[WORKING DATA — start]

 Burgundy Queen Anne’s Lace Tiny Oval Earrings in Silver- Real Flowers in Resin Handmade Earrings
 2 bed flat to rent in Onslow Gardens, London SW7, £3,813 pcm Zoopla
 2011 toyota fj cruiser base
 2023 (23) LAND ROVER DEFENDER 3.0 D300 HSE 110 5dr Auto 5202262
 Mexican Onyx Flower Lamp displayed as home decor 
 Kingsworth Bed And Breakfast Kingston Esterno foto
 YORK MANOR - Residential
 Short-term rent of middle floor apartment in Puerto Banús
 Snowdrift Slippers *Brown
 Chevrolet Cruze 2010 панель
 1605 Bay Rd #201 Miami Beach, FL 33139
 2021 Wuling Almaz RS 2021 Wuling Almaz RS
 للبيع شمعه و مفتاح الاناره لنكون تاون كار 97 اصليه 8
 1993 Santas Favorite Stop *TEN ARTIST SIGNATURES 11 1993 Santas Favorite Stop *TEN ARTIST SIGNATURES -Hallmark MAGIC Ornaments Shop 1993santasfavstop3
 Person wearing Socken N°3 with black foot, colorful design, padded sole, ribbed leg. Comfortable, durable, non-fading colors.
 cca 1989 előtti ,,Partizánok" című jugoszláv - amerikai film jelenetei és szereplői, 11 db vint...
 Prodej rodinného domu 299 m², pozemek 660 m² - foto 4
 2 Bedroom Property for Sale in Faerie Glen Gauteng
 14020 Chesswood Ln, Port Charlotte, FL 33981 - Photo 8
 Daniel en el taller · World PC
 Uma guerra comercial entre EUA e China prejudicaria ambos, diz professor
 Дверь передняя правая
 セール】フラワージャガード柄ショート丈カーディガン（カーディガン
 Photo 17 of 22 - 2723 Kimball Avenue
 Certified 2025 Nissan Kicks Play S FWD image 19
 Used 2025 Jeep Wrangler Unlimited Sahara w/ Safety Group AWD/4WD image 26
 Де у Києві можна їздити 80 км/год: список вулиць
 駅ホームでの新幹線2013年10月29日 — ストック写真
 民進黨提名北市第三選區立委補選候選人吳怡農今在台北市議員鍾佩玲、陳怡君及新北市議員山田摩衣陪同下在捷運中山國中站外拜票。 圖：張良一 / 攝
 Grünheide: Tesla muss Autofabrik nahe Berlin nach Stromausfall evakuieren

[WORKING DATA — finish]

# YOUR GOAL
Find "Chevrolet Cruze 2010 панель" in the records above. Repeat its line and every later line exactly, through the last one.

# SOLUTION TO THIS PROBLEM
 Chevrolet Cruze 2010 панель
 1605 Bay Rd #201 Miami Beach, FL 33139
 2021 Wuling Almaz RS 2021 Wuling Almaz RS
 للبيع شمعه و مفتاح الاناره لنكون تاون كار 97 اصليه 8
 1993 Santas Favorite Stop *TEN ARTIST SIGNATURES 11 1993 Santas Favorite Stop *TEN ARTIST SIGNATURES -Hallmark MAGIC Ornaments Shop 1993santasfavstop3
 Person wearing Socken N°3 with black foot, colorful design, padded sole, ribbed leg. Comfortable, durable, non-fading colors.
 cca 1989 előtti ,,Partizánok" című jugoszláv - amerikai film jelenetei és szereplői, 11 db vint...
 Prodej rodinného domu 299 m², pozemek 660 m² - foto 4
 2 Bedroom Property for Sale in Faerie Glen Gauteng
 14020 Chesswood Ln, Port Charlotte, FL 33981 - Photo 8
 Daniel en el taller · World PC
 Uma guerra comercial entre EUA e China prejudicaria ambos, diz professor
 Дверь передняя правая
 セール】フラワージャガード柄ショート丈カーディガン（カーディガン
 Photo 17 of 22 - 2723 Kimball Avenue
 Certified 2025 Nissan Kicks Play S FWD image 19
 Used 2025 Jeep Wrangler Unlimited Sahara w/ Safety Group AWD/4WD image 26
 Де у Києві можна їздити 80 км/год: список вулиць
 駅ホームでの新幹線2013年10月29日 — ストック写真
 民進黨提名北市第三選區立委補選候選人吳怡農今在台北市議員鍾佩玲、陳怡君及新北市議員山田摩衣陪同下在捷運中山國中站外拜票。 圖：張良一 / 攝
 Grünheide: Tesla muss Autofabrik nahe Berlin nach Stromausfall evakuieren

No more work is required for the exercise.